On February 1 of this year, Mary Butterfield, who is supervisor of the Life and Health section of the Arizona Department of Insurance, issued an affidavit stating that the nonrenewal of Heil's policy did not violate any laws. Though Butterfield refused to be interviewed, GayAnn Williams, a spokeswoman for the Department of Insurance, said that the affidavit was issued in lieu of a sworn deposition. "We did not have a choice," she says, and she stands by Butterfield's evaluation.

Hayden questions her expertise, however. "Why would they let a nonlawyer draw a legal decision in a private dispute and then give the full force of the insurance department behind the insurance company?" he asks. "And why would they take a position at all in a private civil matter?"

Creasy calls the affidavit "guerilla tactics" on the part of the insurance company and detrimental to Heil's case. "The Insurance Department is allowing itself to be used by MSI as a hammer," he says. "They went behind our backs and behind the backs of consumers like Wilda Heil and jumped on the bandwagon of the insurance companies. I'm asking that they stay out of it or look at both sides."

Joseph Hennelly, deputy director of the Insurance Department, claims that he, in fact, made Mary Butterfield available for deposition; Creasy declined and instead asked Butterfield to sign another affidavit, which she would not do, because, as Hennelly says, "It was not factual." Henceforth, he continues, all such requests will require a subpoena for a formal deposition before the department will get involved in another civil lawsuit. Williams did express her department's opinion that the skimming practices are unethical.

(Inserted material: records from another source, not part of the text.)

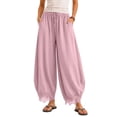 thumbnail image 6 of ShomPort Women's Cropped Pants Casual Lace-Hem Comfy Lightweight Drawstring Wide Leg Pants with Pockets, 6 of 7
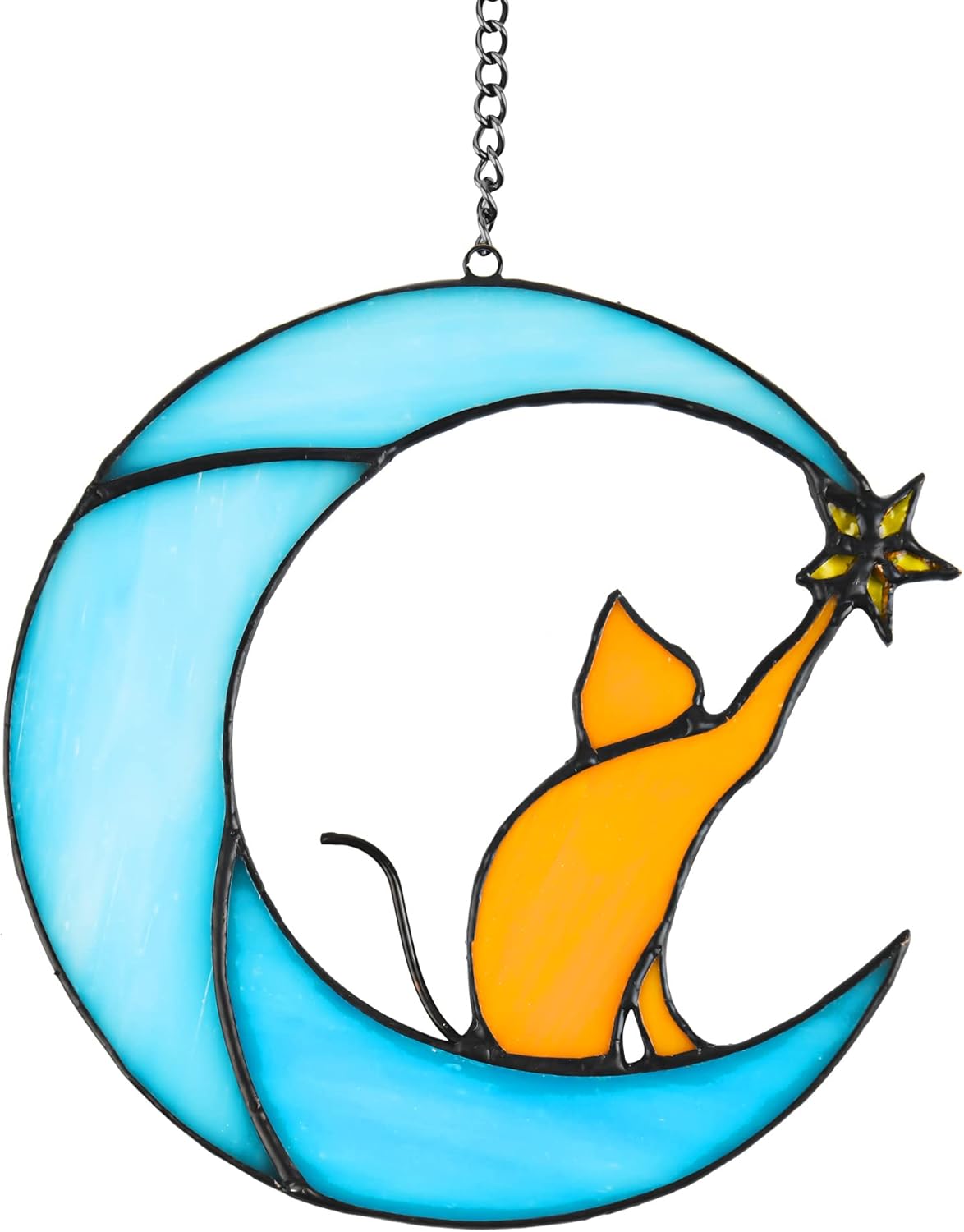 Stained Glass Cat on Moon Pick Star Window Hanging Suncatchers Memorial Gift Decor for Women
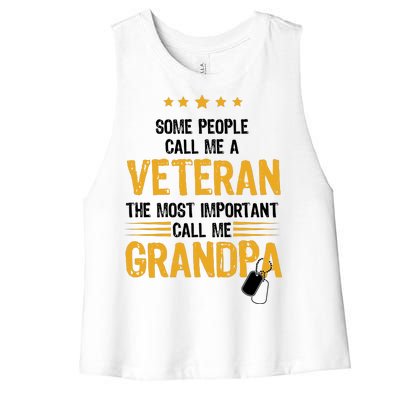 Veteran Grandpa Women's Racerback Cropped Tank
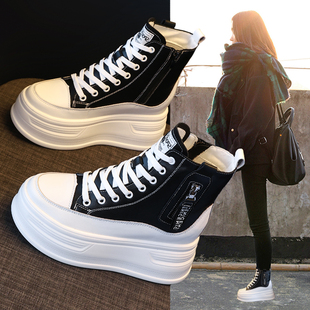 真皮高帮小白鞋女2025新款秋季加绒马丁靴超火厚底内增高休闲短靴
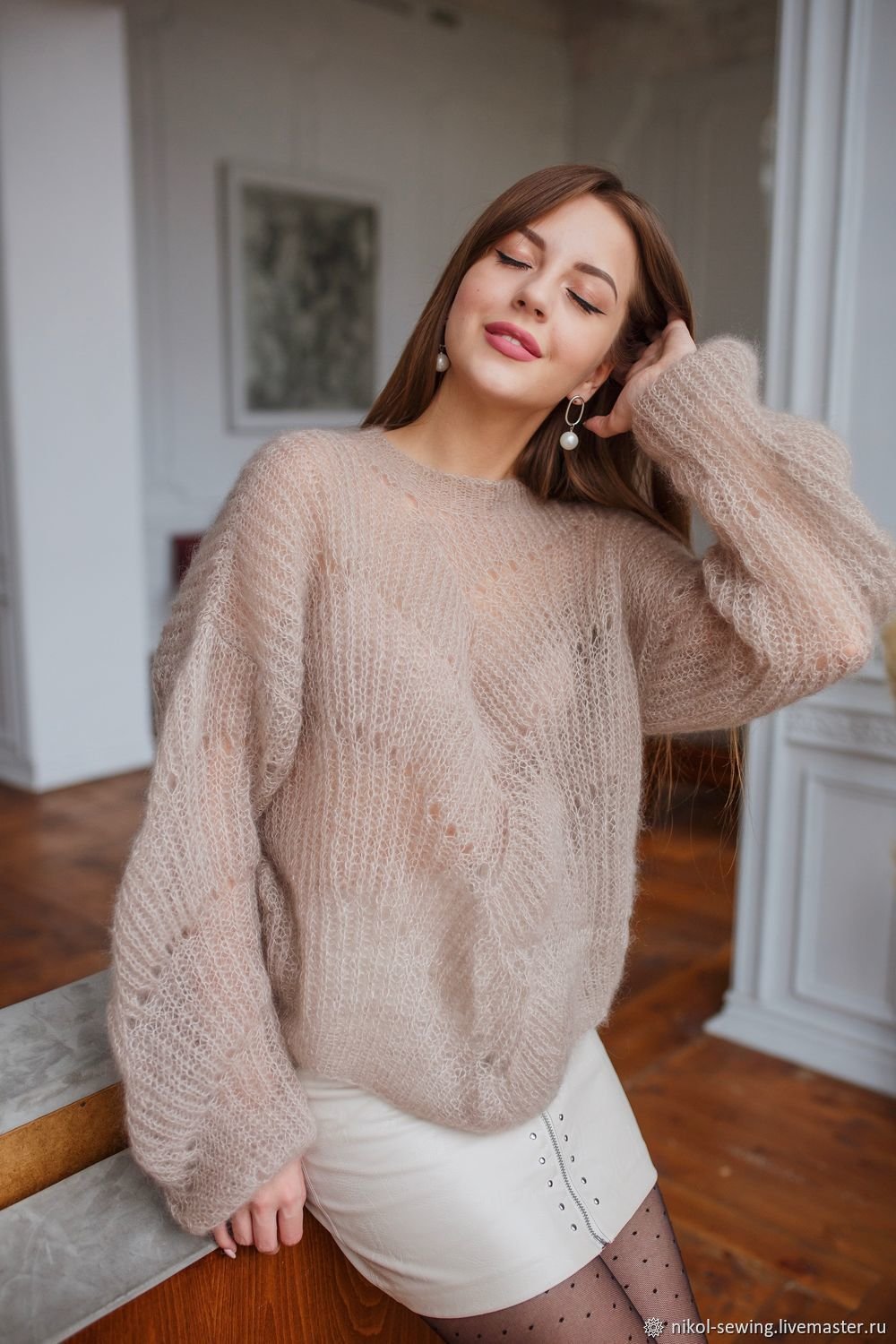 Свитер из мохера в стиле Colorblock
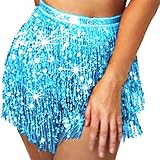 Flovel Damen Rock mit Pailletten Quaste Bauchtanz Hüfttuch Rave Kostüm Fransenrock Halloween Rave...
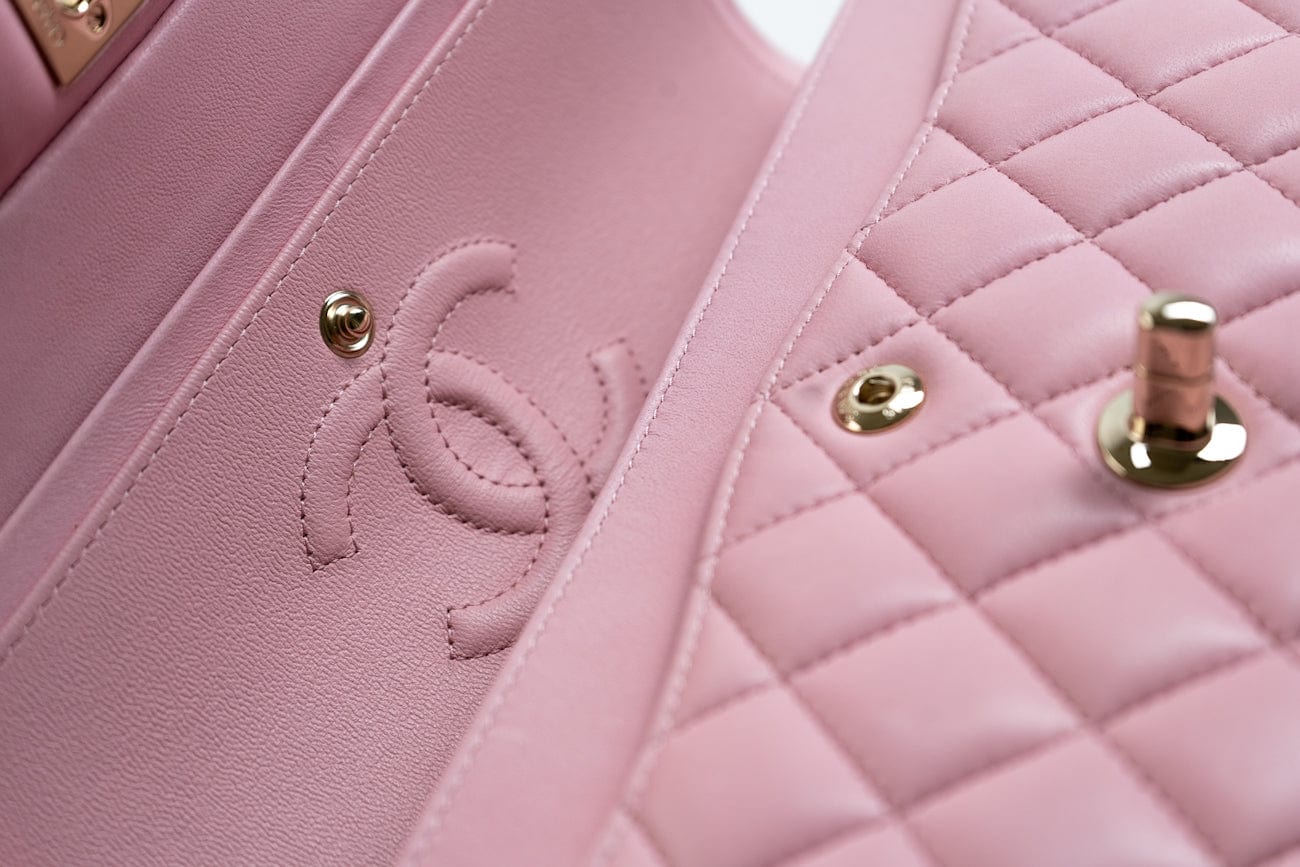 21S Light Pink Lambskin Quilted Classic Flap Small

"It certainly is deceptive and has harmed consumers and I can assure you that the Insurance Department agrees with those concerns," she says. "But we work within the confines of the law," and therefore broad opinions on skimming have no place in the affidavit. Unless the judge and jury decide otherwise, MSI can do what it wants.

That's not good enough for Creasy. "Let's make the Insurance Department a watchdog for the consumer or get rid of it," he says.

Meanwhile, Wilda Heil is caught in the crossfire with a simple enough request. "People pay their premiums in good faith and expect the coverage to be there," she says. "Then all of a sudden, it can be taken away from them. I'd like to know I'm going to be taken care of.